Tras regresar de la India, Hope voló directamente a Boston. Aún no estaba preparada para volver a Nueva York. Suponía que le causaría demasiado impacto. Allí todo el mundo tenía un aspecto gris; no había saris, ni prendas vistosas, ni mujeres atractivas. No se veían flores rosas y anaranjadas por todas partes. La gente vestía pantalones vaqueros y camisetas, y algunas mujeres llevaban el pelo corto. Ella tenía ganas de ponerse el sari y lucir el bindi. Y deseó encontrarse de vuelta en Nueva Delhi cuando se disponía a alquilar un coche en el aeropuerto.
Condujo hasta Cabo Cod absorta en sus pensamientos, y cuando llegó a la casa miró alrededor y estuvo unos momentos recordando los días que había pasado allí con Finn; pero enseguida abrió los postigos y se obligó a pensar en otra cosa.

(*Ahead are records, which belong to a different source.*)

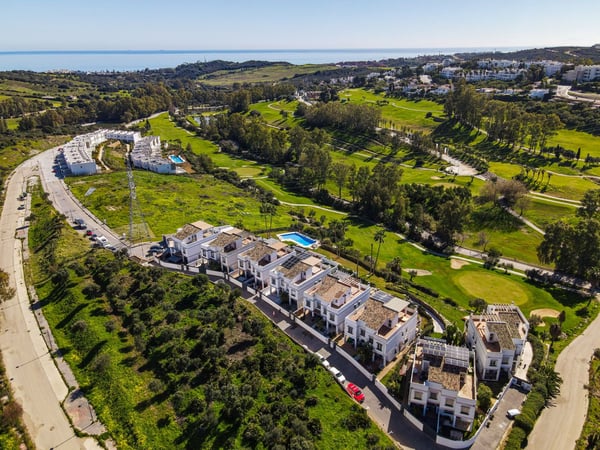 House in Estepona - view 1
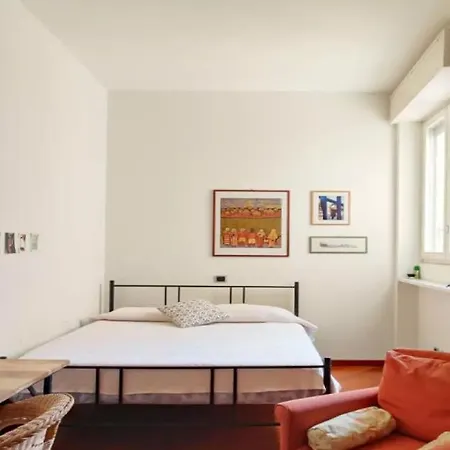 Stanza Nr 2 In Zona Solari In Incantevole Affittacamere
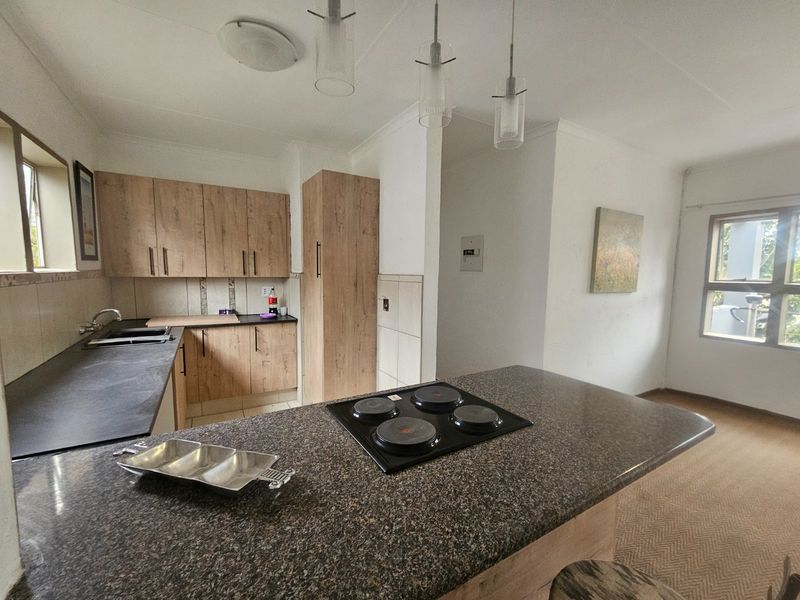 Turn-Key 2-Bed 2 Bath Top-Floor Apartment in Sought-After Magaliessig Complex - Photo 5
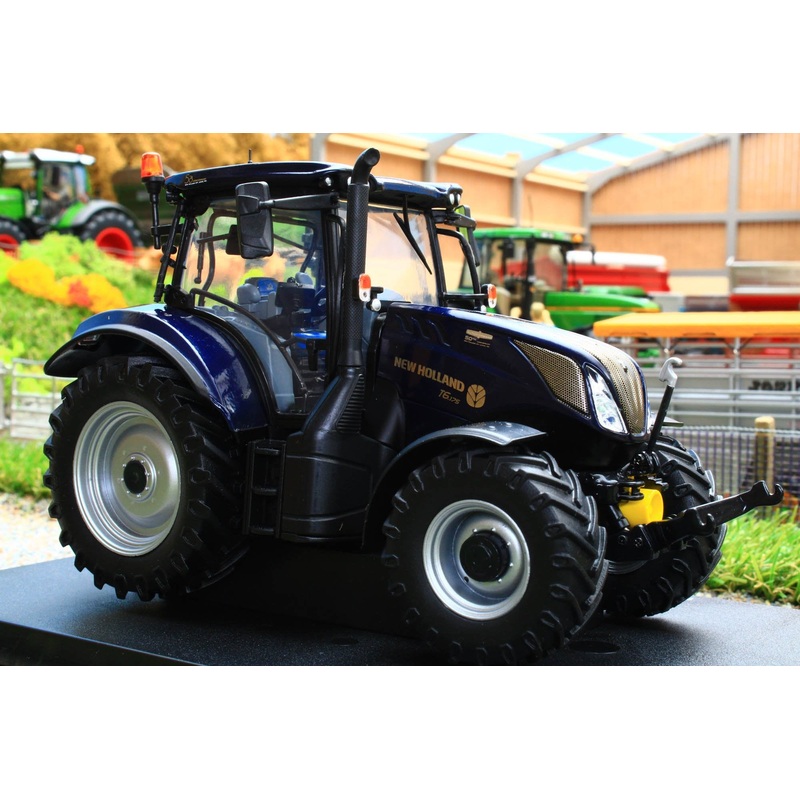 UH6252 UNIVERSAL HOBBIES NEW HOLLAND T6.175 PROFONDO BLUE 50TH ANNIVERSARY 4WD TRACTOR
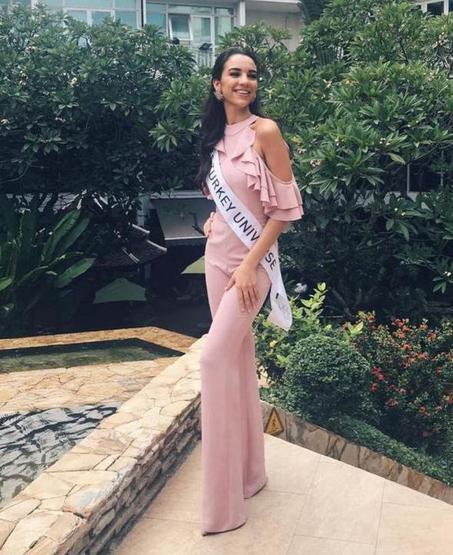 Özlem Kaymaz kızı Tarayı adım adım takip ediyor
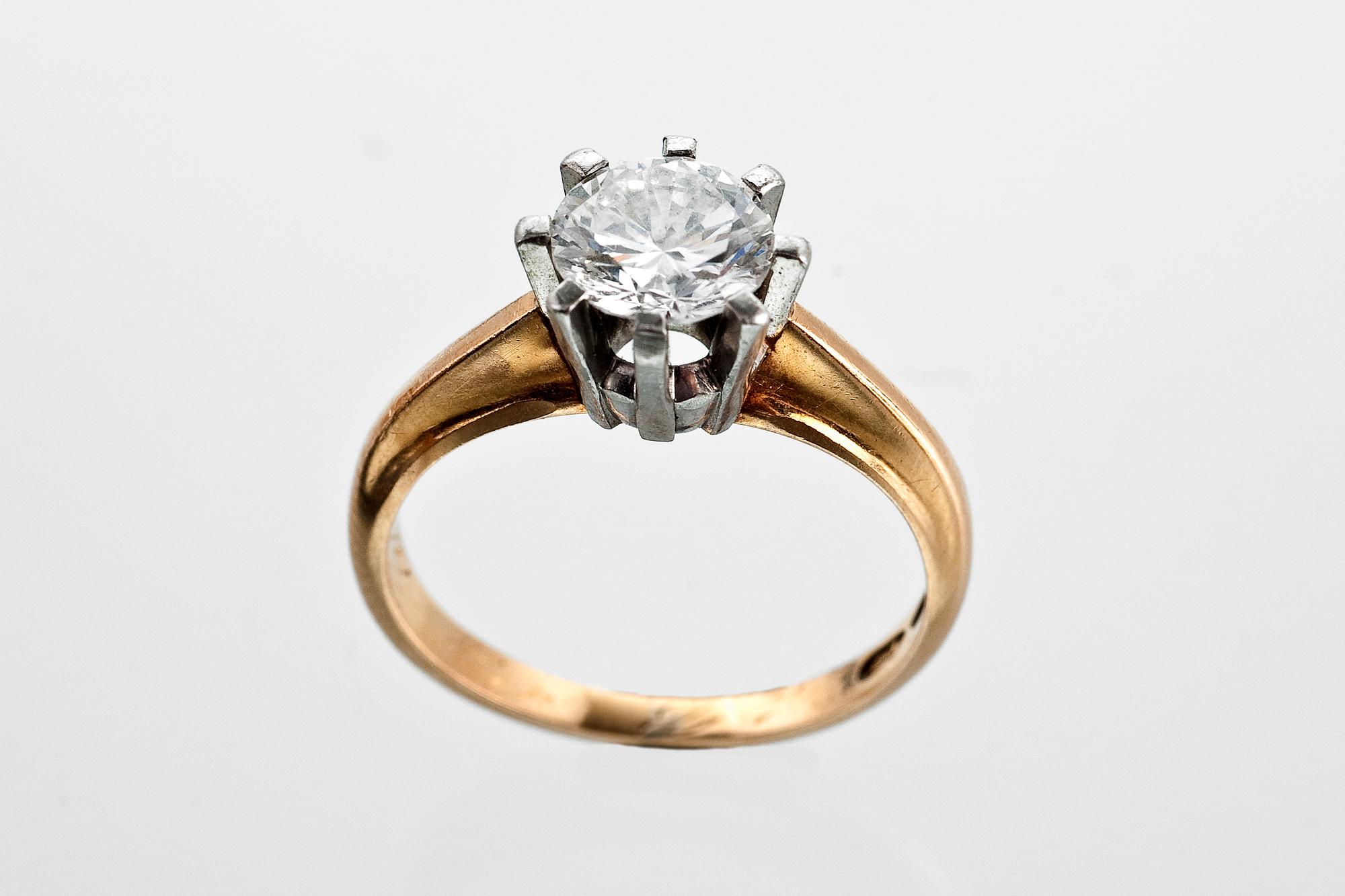 DIAMANTRING.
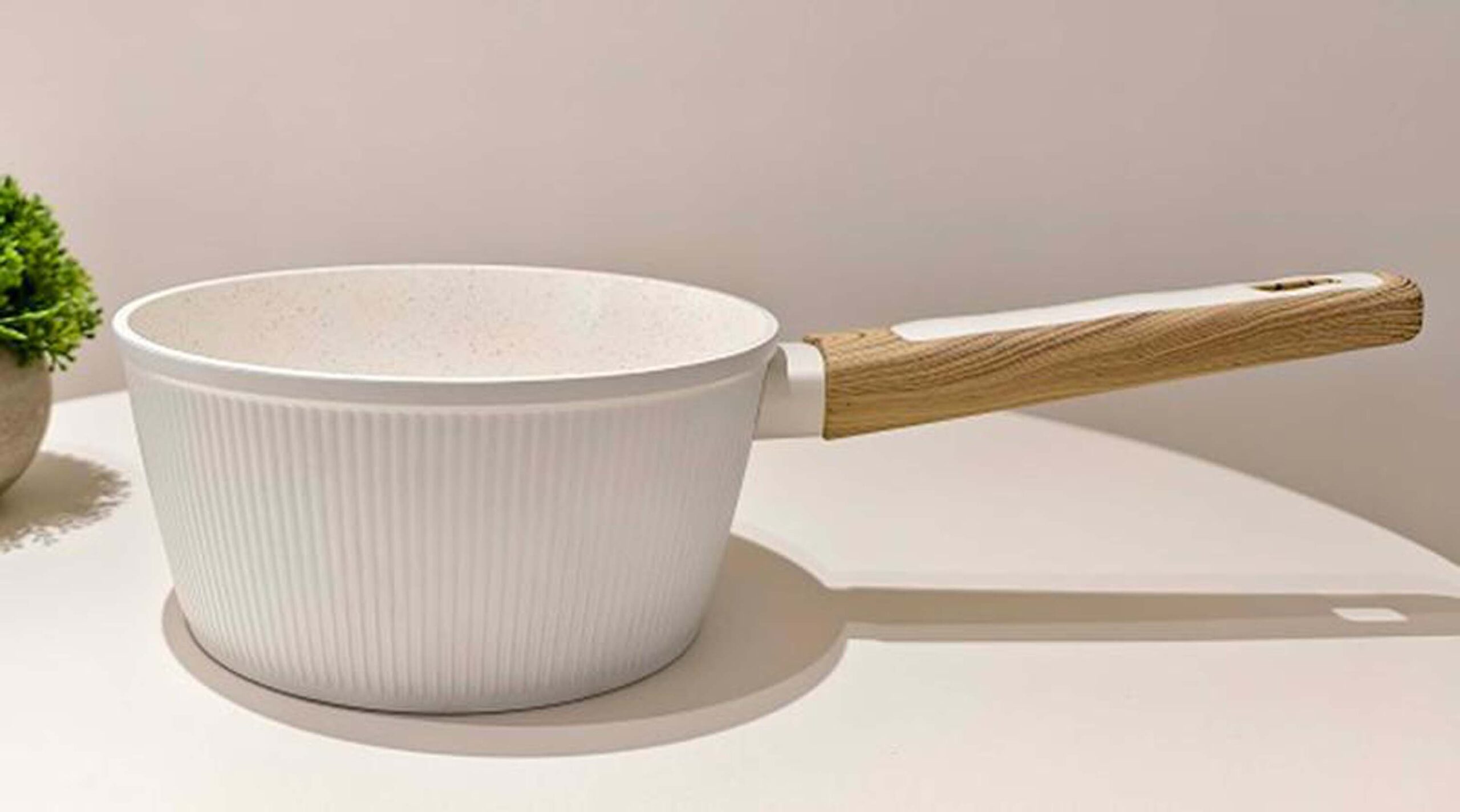 Rendlík KITCHISIMO BIANCO 18cm nepřilnavý povrch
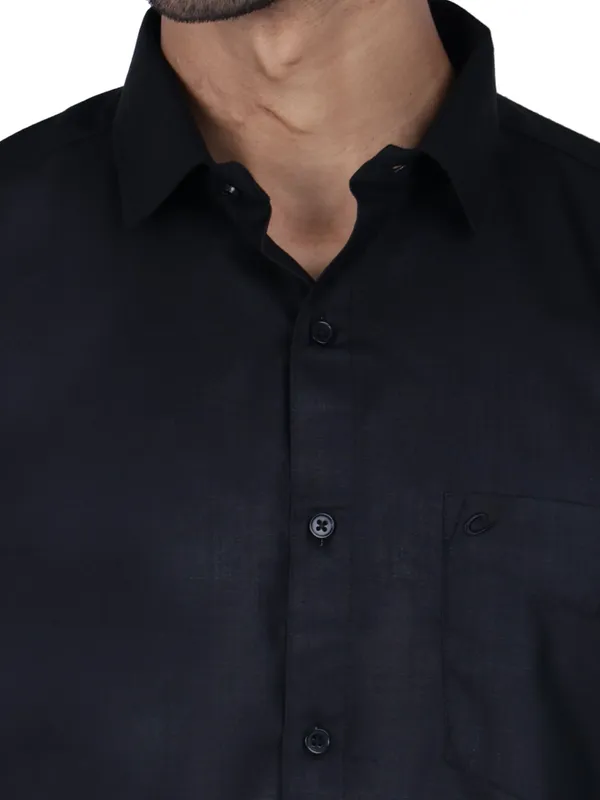 Black_Classic_Cotton_Solid_Shirt_For_Men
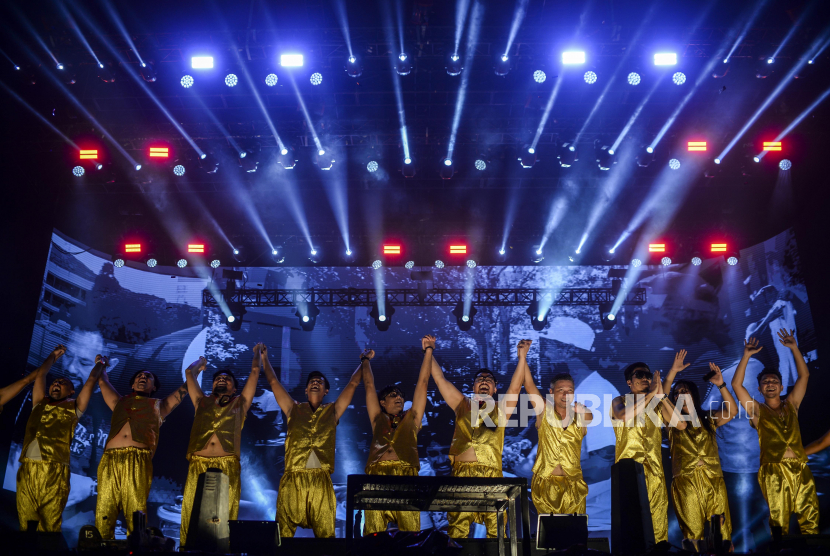 Anggota klub motor The Prediksi saat tampil dalam Festival Musik Soundrenaline 2022 di Ancol, Jakarta. Helatan festival musik Soundrenaline akan kembali digelar pada 2023 ini.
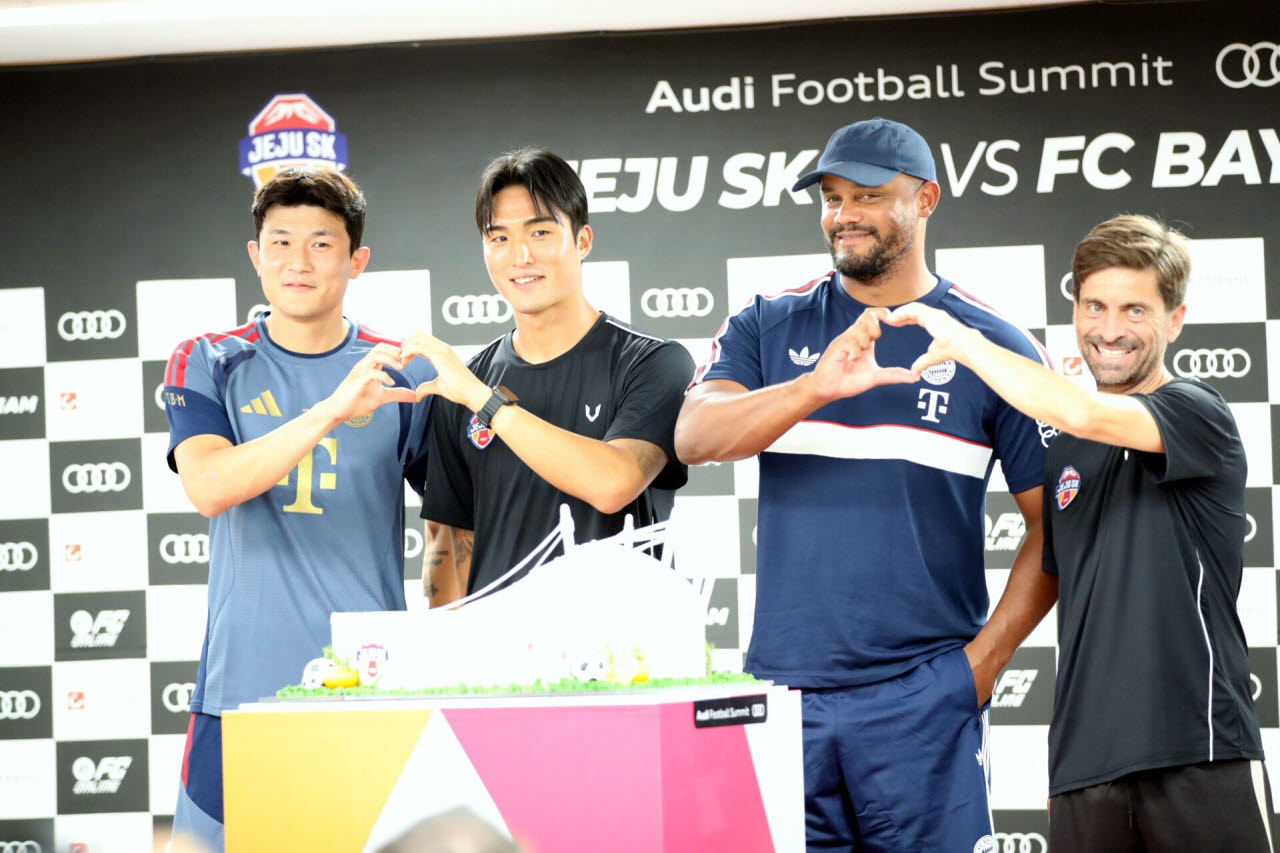 바이에른 뮌헨 김민재와 제주SK FC 김동준, 바이에른 뮌헨 뱅상 콤파니 감독, 제주SK FC 세르지우 코스타 감독(왼쪽부터)이 제주월드컵경기장 모양의 케익을 앞에 두고 기념촬영을 하고 있다. 사진=뉴스1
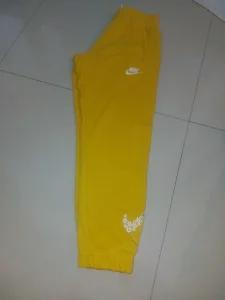 Nike zuta trenerka za devijcice vel 128 134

Por la tarde fue al mercado y compró flores y alimentos, y luego colocó las flores en jarrones y los repartió por la casa. Dio un largo paseo por la playa y se deleitó con la paz que sentía estando sola. Esa había sido la más terrible amenaza de Finn; le había dicho que si no le entregaba el dinero que quería, la abandonaría y se quedaría sola para siempre. Pero en vez de temer a la soledad se había preparado para recibirla, y ahora la estaba disfrutando. Siempre que salía a pasear por la playa se colgaba la cámara al hombro, y nunca se sentía sola; estaba tranquila, feliz, sosegada.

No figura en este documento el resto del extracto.